About this exercise: Copy out exactly, from the entries that follow, the line holding "Assembly Required ，Beige", the line holding "Buy stock photo", and all lines between them, but no pictures.

Collection entries
┄┄┄┄┄┄┄┄┄┄┄┄┄┄┄┄┄┄┄┄
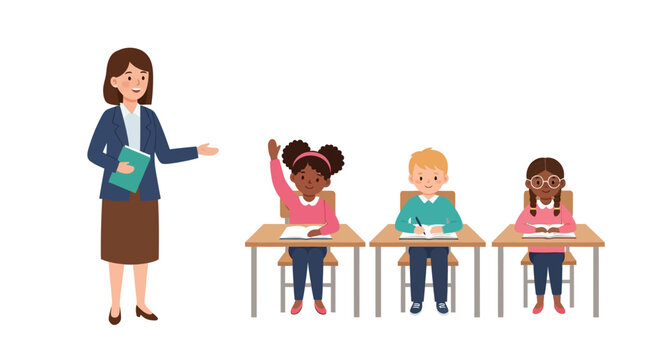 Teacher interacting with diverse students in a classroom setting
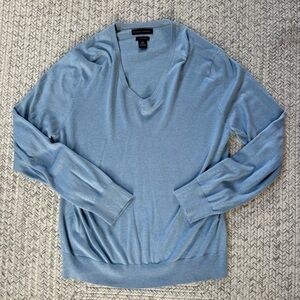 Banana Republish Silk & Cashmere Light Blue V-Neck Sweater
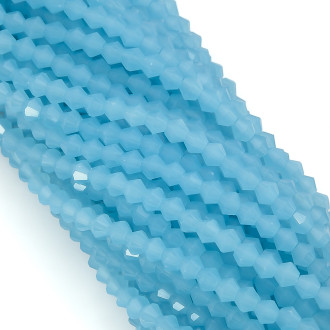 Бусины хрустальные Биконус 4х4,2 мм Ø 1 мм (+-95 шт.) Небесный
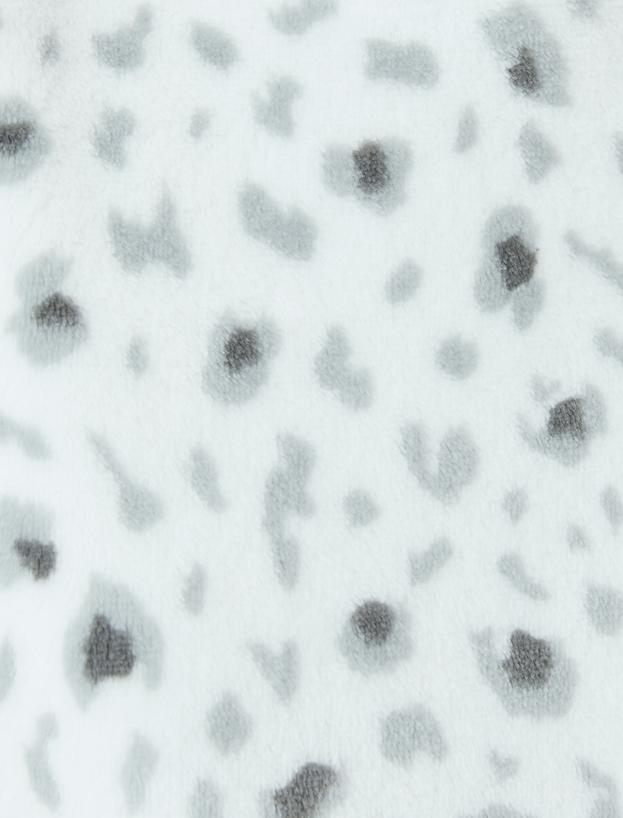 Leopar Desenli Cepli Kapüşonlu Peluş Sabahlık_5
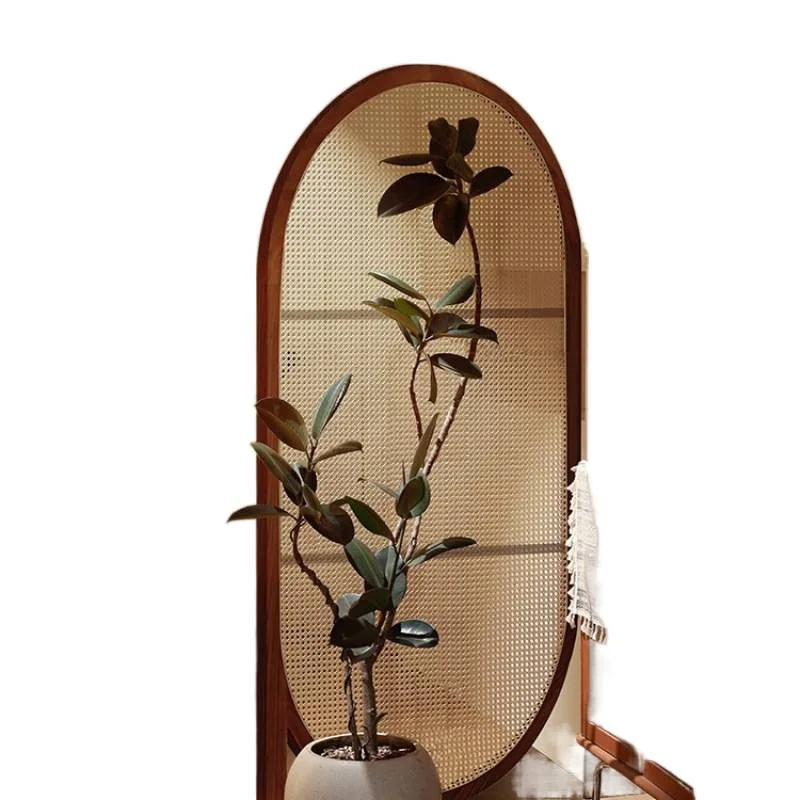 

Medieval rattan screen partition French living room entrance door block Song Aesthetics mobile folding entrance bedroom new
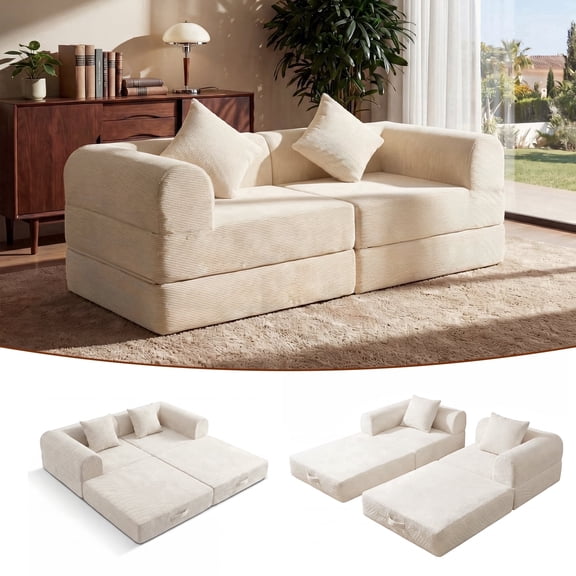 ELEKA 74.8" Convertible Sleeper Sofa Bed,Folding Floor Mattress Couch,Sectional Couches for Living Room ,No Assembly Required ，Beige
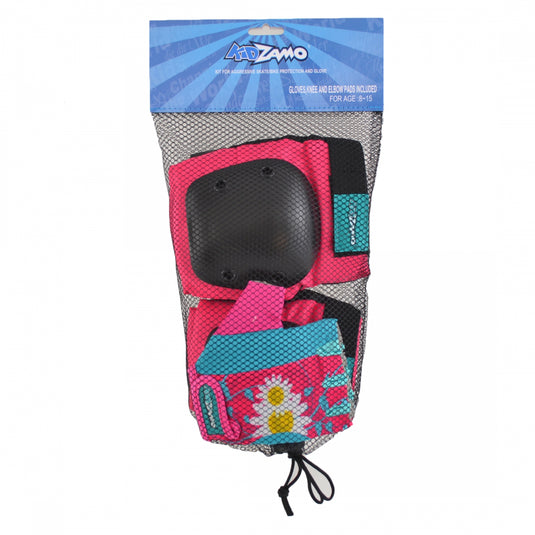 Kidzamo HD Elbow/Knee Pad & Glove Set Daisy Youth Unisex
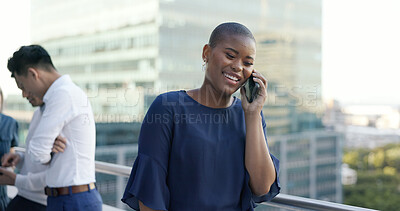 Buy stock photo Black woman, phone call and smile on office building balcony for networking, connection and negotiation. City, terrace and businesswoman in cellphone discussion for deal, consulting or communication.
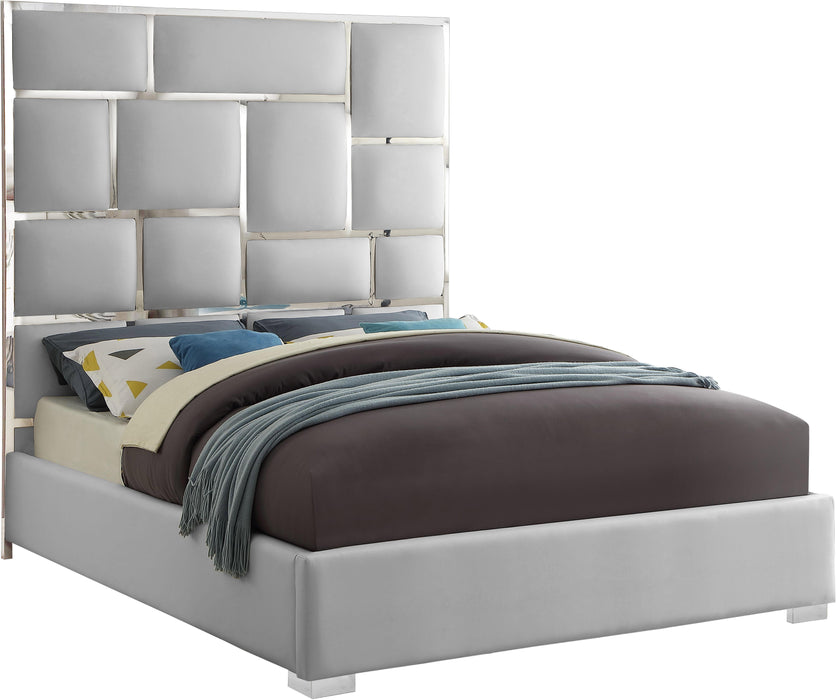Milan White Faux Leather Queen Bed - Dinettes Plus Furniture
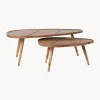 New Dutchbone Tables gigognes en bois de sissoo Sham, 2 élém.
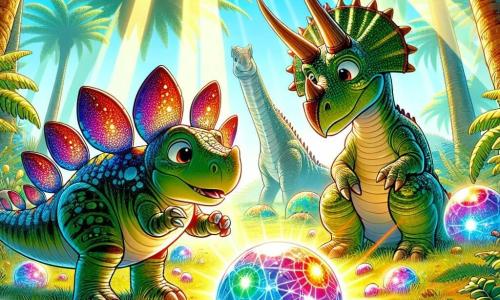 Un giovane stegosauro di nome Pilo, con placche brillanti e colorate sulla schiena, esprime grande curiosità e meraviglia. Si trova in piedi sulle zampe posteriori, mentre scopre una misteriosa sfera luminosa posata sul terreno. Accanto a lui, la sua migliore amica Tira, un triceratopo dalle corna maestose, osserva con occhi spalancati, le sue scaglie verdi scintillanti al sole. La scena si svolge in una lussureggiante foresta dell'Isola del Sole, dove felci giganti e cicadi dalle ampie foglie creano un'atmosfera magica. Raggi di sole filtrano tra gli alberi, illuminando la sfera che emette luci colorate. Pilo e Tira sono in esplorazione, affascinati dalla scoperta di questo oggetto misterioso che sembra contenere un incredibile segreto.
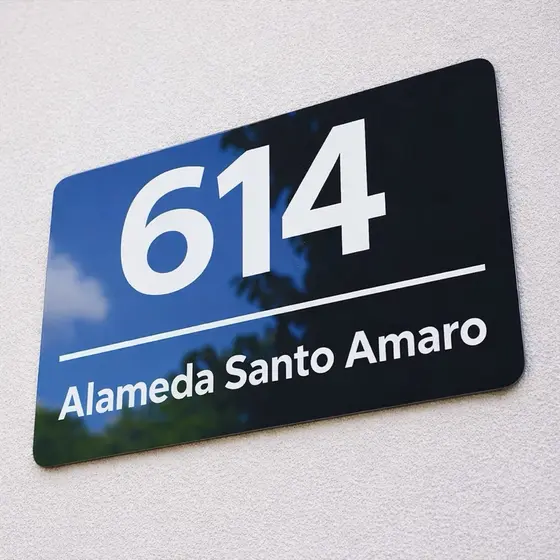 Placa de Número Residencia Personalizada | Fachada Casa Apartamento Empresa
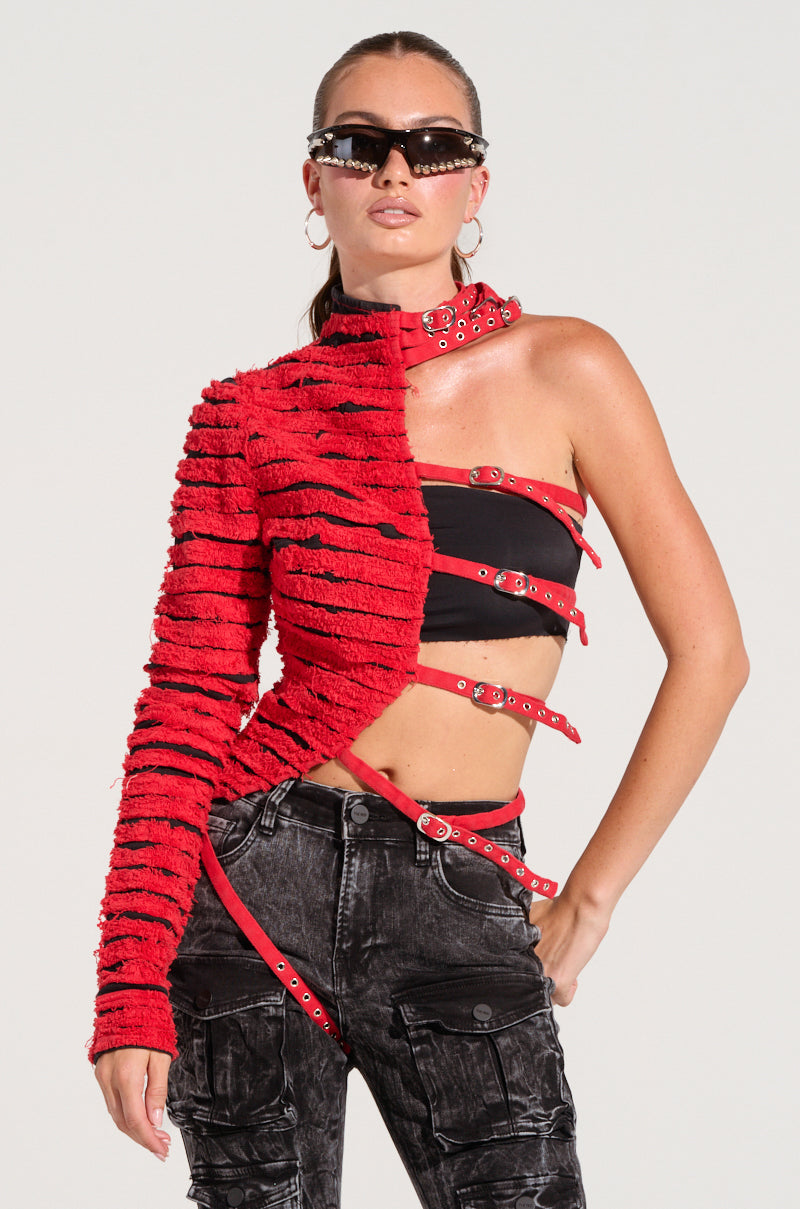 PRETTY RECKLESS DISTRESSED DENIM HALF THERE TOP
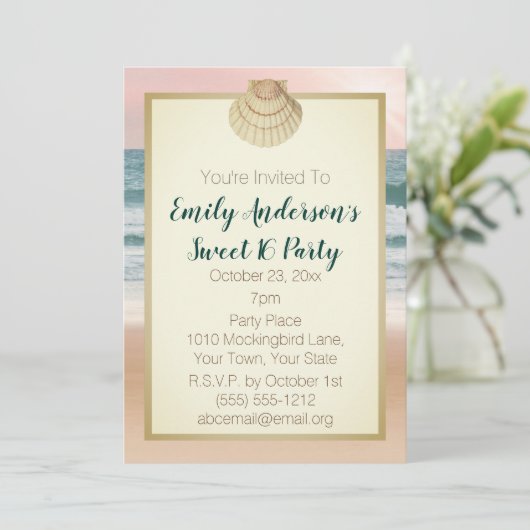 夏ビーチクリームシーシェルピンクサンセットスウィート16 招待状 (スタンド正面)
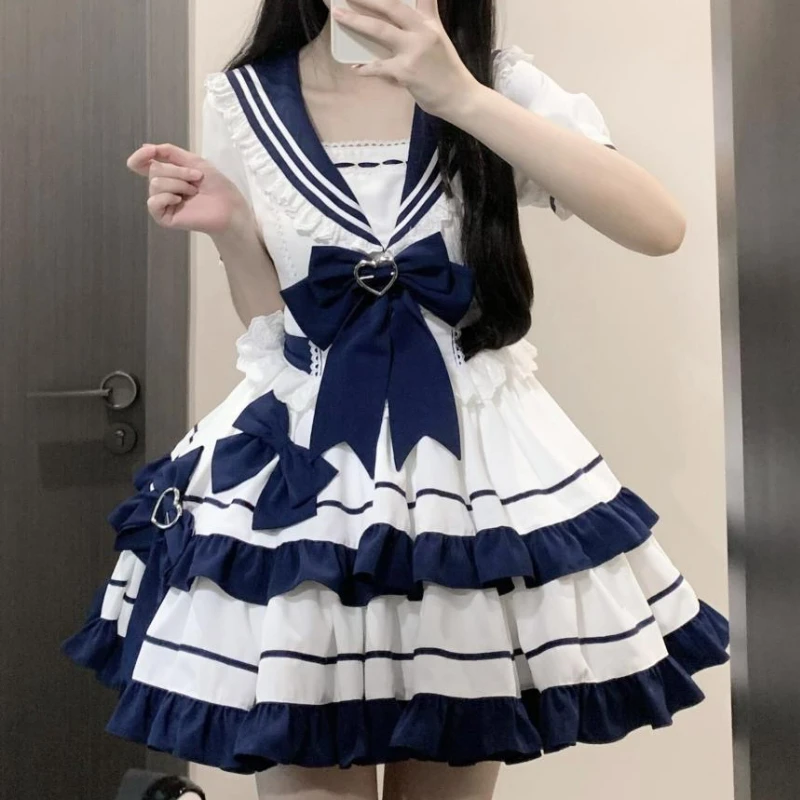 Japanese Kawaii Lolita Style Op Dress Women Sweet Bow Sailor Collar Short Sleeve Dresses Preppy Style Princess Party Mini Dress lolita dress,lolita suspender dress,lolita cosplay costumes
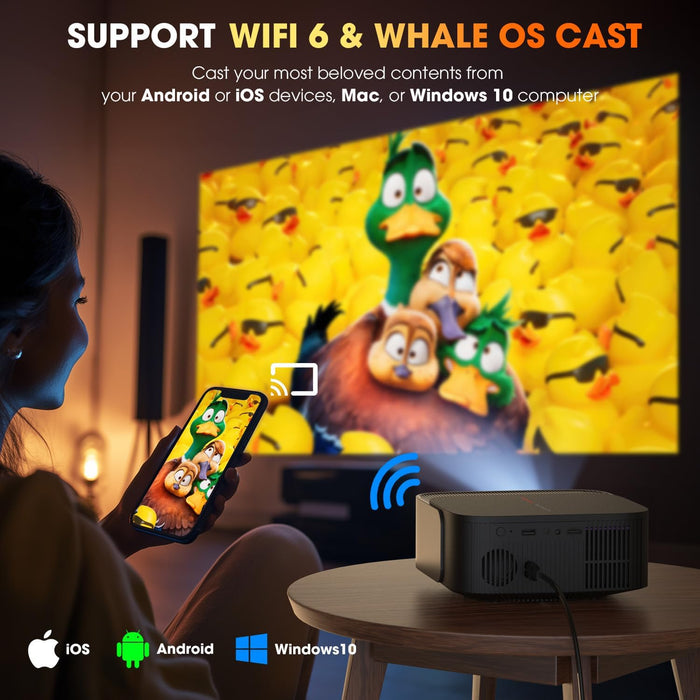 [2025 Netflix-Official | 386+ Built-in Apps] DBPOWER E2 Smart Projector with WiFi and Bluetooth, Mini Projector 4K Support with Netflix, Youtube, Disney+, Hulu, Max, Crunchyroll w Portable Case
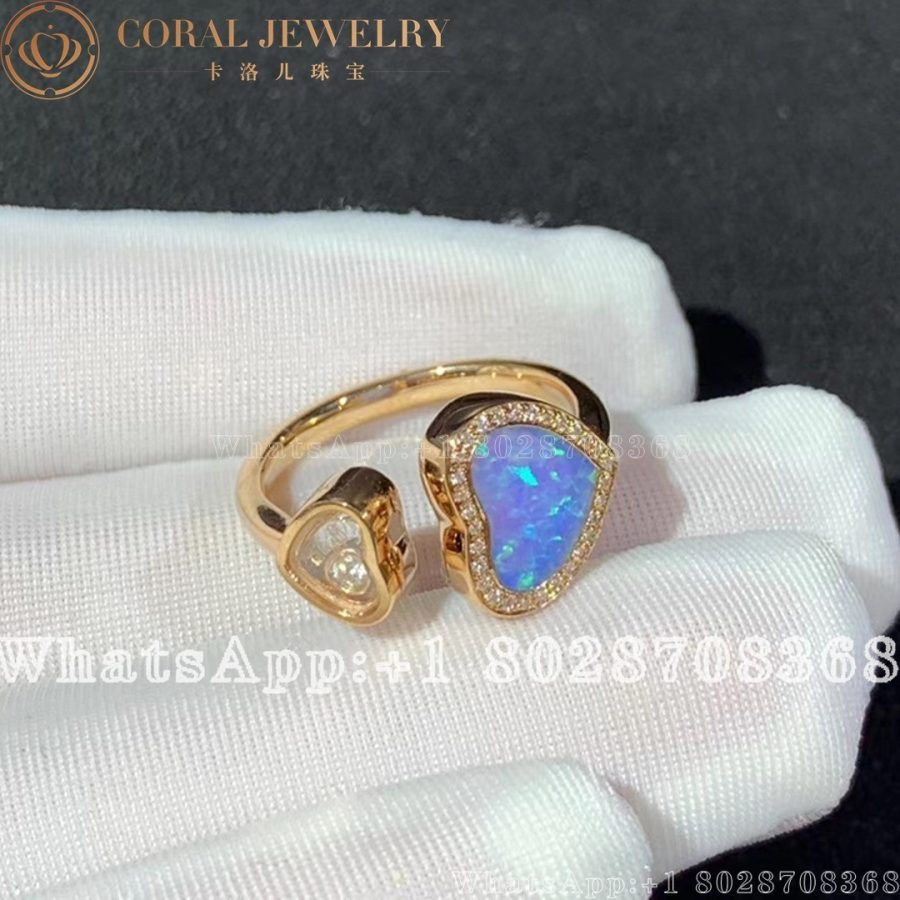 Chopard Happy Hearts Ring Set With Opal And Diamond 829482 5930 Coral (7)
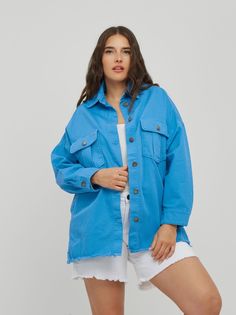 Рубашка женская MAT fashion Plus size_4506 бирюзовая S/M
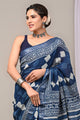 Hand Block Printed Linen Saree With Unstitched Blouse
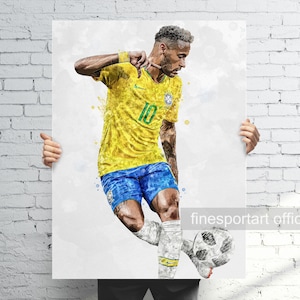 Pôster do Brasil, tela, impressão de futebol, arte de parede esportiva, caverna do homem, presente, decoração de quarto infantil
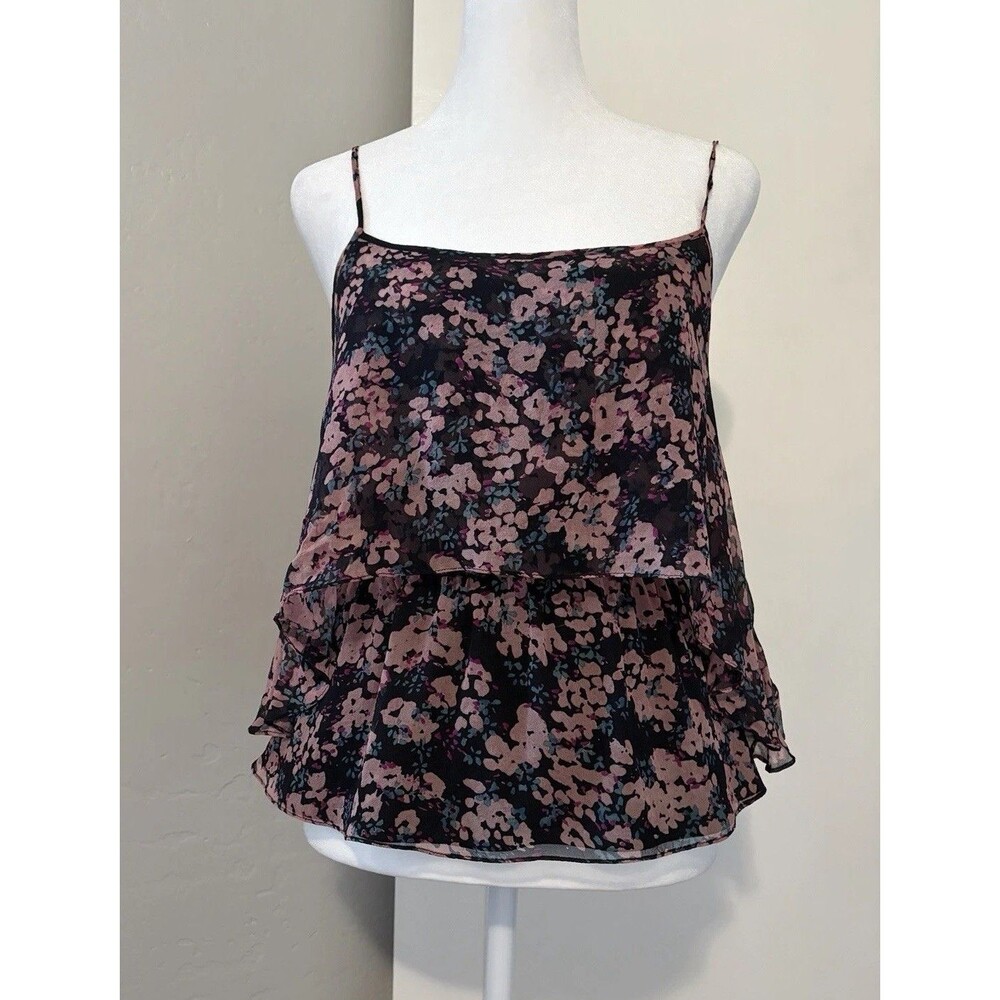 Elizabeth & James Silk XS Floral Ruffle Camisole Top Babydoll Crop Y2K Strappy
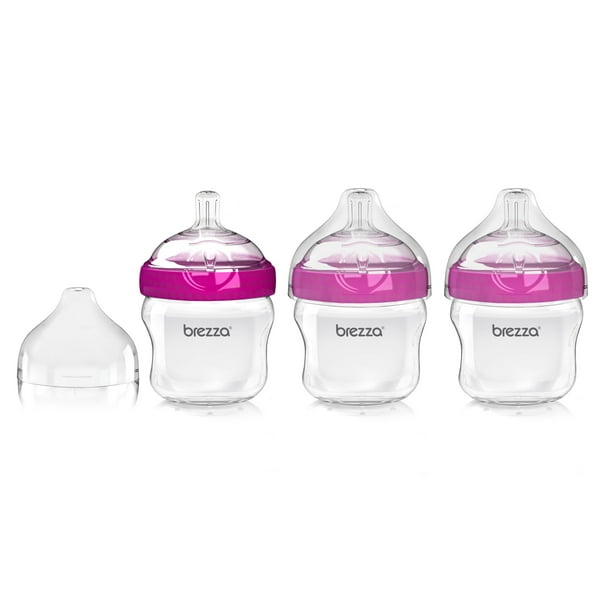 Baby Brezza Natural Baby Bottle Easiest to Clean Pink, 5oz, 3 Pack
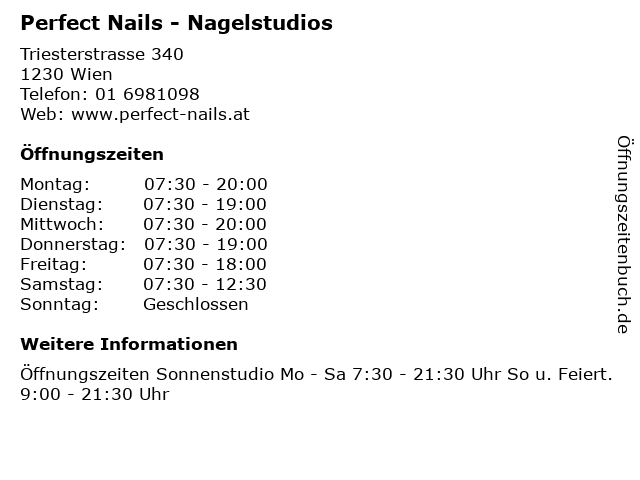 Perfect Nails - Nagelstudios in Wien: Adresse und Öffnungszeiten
┄┄┄┄┄┄┄┄┄┄┄┄┄┄┄┄┄┄┄┄
Exercise output:
 ELEKA 74.8" Convertible Sleeper Sofa Bed,Folding Floor Mattress Couch,Sectional Couches for Living Room ,No Assembly Required ，Beige
 Kidzamo HD Elbow/Knee Pad & Glove Set Daisy Youth Unisex
 Buy stock photo Black woman, phone call and smile on office building balcony for networking, connection and negotiation. City, terrace and businesswoman in cellphone discussion for deal, consulting or communication.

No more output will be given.